We were set, but maybe not quite ready for what happened when Dave touched the wires together.
The ‘boom’ was only slightly muffled, but loud nonetheless; the blast didn’t knock us over, or even shake us that much. It was the aftermath that was awesome to behold: a swirling, giant, opaque cloud of dust bloomed from the ground and washed over us, much like a large wave of seawater. Bits of grass and root fell around us, shreds of mattress landed on our dust-covered heads and shoulders in a very undignified manner. After a moment, we cautiously opened our eyes and watched the dust settle. Where the stump used to be, once so rebellious and stubborn to our persuasive shovels, was a huge crater, some seven feet deep and nearly ten feet wide. Pieces of mattress were spread far and wide, but there was no sign of the stump.
About to ask where the stump was, I was deterred by the sound of a deep ‘thud’ to the right of our little group. We all looked over towards the sound and involuntarily took a step back; there was the stump, a mere seven feet away from us, in almost a whole chunk, it’s underside smoking and the partial roots quivering up at the sky in some contorted show of agony. Dave pushed his hat back off his forehead with a whistle.
“Now there’s a sight.”, he said, pleased with himself. “Nice distance.”
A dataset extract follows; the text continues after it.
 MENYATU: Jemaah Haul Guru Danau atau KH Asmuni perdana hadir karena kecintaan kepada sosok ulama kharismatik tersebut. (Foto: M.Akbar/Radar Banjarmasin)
In spite of the dust-storm and near brush with being squashed, there were quite a few good things that came of the project. Mom got her garden space and Dad had good oak roots for the fire that winter. Mom filled in the hole with several loads of dirt and potting soil, and planted a white peach tree in the hole, which flourished beautifully over the years. As for the ants, we never found even one; they had been totally obliterated by the blast. And best of all, Dave was temporarily satisfied in his craving for explosions.
A few months later I happened to meet a county geologist at one of my parents social gatherings, and queried him on the ‘operation stump’; I found out that half the amount of dynamite used would have been sufficient, but the flamboyance of the ‘show’ would have been considerably less.